Exactly as they appear below, repeat the lines from the one with "River and dog in Lamport" through the one with "Sepia latimanus", and no others.
Exercise material section start
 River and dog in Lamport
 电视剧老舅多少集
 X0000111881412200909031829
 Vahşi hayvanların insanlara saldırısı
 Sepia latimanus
Exercise material section end
Exercise material section start
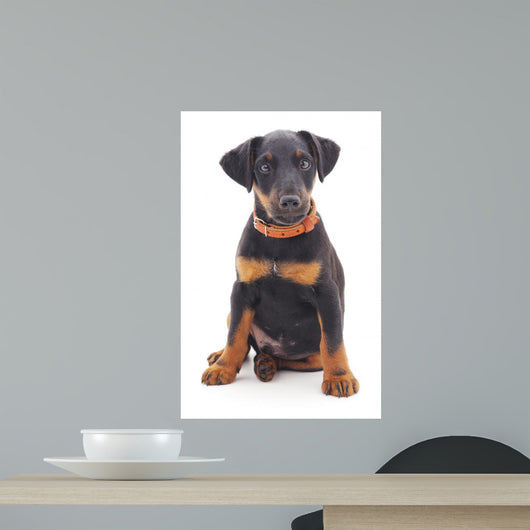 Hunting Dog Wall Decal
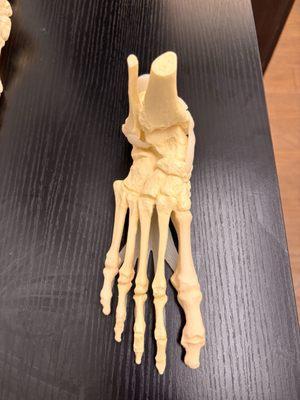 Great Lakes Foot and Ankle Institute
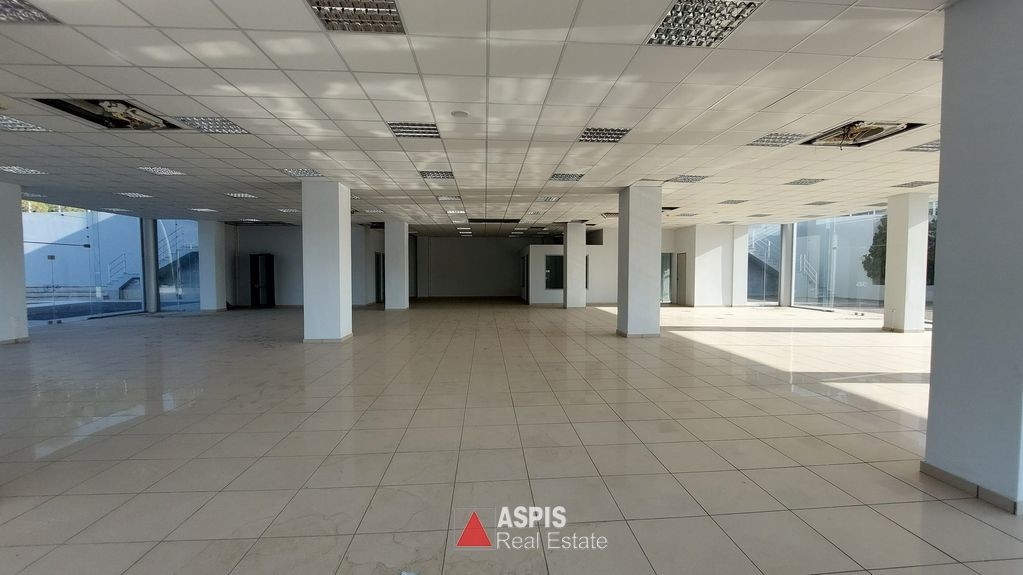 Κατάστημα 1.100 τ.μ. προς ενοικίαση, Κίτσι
Exercise material section end
» **Reply**:
 River and dog in Lamport
 电视剧老舅多少集
 X0000111881412200909031829
 Vahşi hayvanların insanlara saldırısı
 Sepia latimanus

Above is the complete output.